NO: One thing that is intentional is that I’m very interested in how technology is affected by culture. I can definitely say that the way that it moves, the way that it is used, the way it’s invented and how things become very prominent and how those are dictated by culture.

For example, in Remote Control—it’s not a spoiler—there’s a piece of technology called the “Gelly Telly”, and it’s basically a screen that stretches and you stick it to the wall, and you can stretch it to the point where it covers the entire wall. It’s a piece of gelatin, and it’s very durable.

The way that I came up with that idea was during a trip to Nigeria—not just to Nigeria, it was in the Imo state in the southeastern part of Nigeria—whenever we’d go to the house that my parents have there, a lot of times the roads would be heavily water damaged, and there’d be potholes, it would just be a really treacherous trip, bouncing all over the place. When you get to the village, you’d see these various homes that were built by various people of wealth. So you’d see these beautiful mansions in this rural area, and was always thinking you’d see these like huge flatscreen TVs, and all of this technology, and I’d wonder “how did they get that here? And how difficult must it have been to get that TV to this place,” and so that’s how I came up with this idea. Those kinds of things.

Aside from the fact that the people who create technology tend to create it for themselves; what’s most useful, most needed for their communities or themselves. And you take that idea and move around the world with it to different communities and how that creates different technologies if different people from around the world are involved. Which is not the case. A majority of cases of the most used technologies are from specific cases and other parts of the world to adapt and use and whatever.
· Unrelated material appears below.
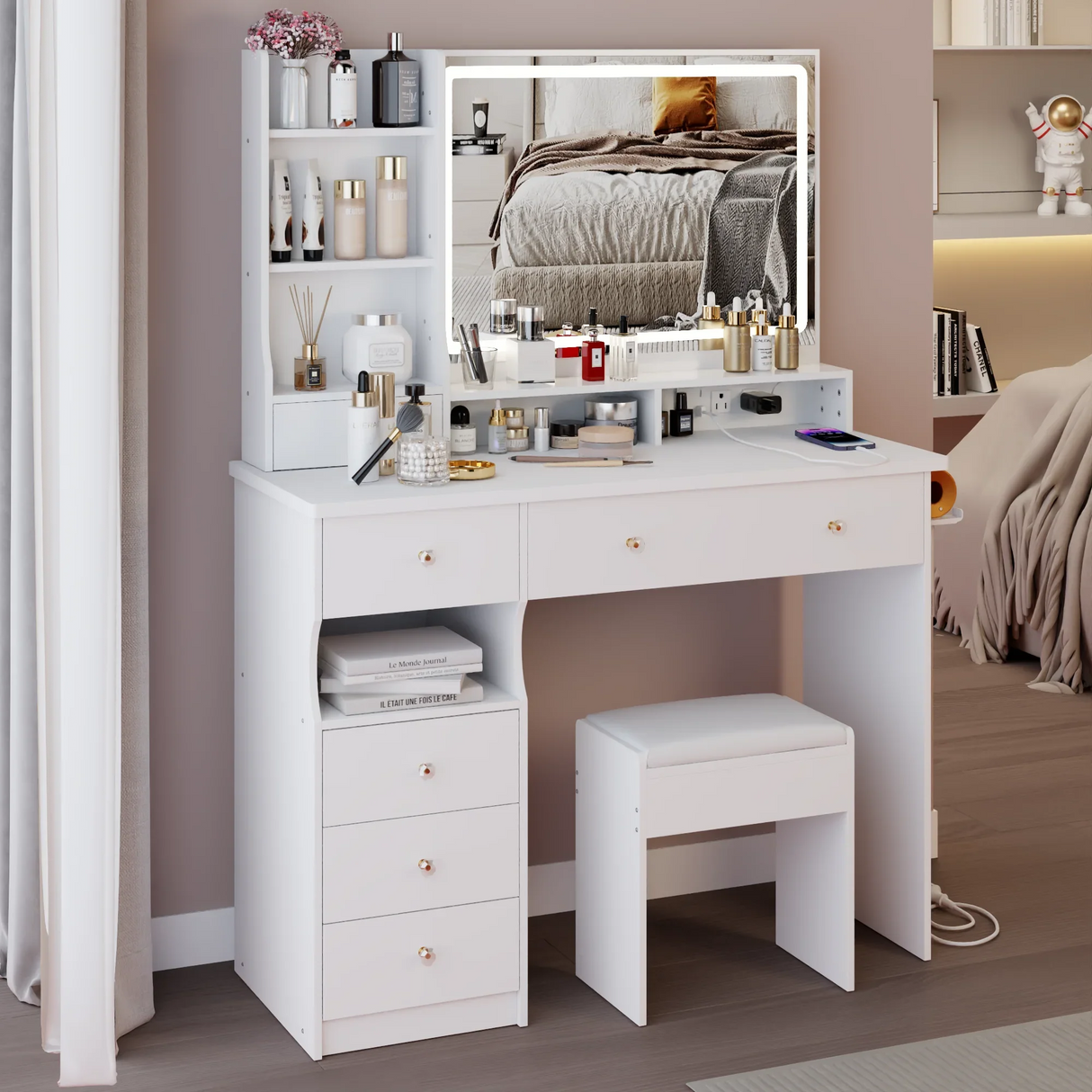 Vanity Desk Set With Cushioned Stool And Large Mirror White - Furniture Home Direct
I like that question of what if a particular people creates their own technologies, what do they create? I like to play a lot with that idea.

 

On Science Fiction’s usefulness addressing societal problems.
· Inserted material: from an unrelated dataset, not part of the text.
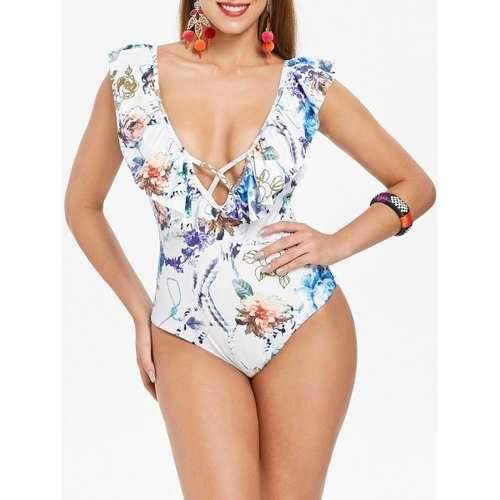 Flower Open Back High Leg Swimsuit - White S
KB: I want to ask a question from the audience: what do you see as the role of speculative fiction in presenting challenging issues and diverse world views for conversation and change?

NO: I think that one way that speculative fiction is good for addressing sensitive issues is that there’s something about it that it makes us able to revisit these very painful issues through a skewed lens. You’re seeing it in a new way, because it’s so weird or whatever way it’s being presented. It’s so different and strange, that you’re seeing it again with new eyes, and when you see it with new eyes, you can see more.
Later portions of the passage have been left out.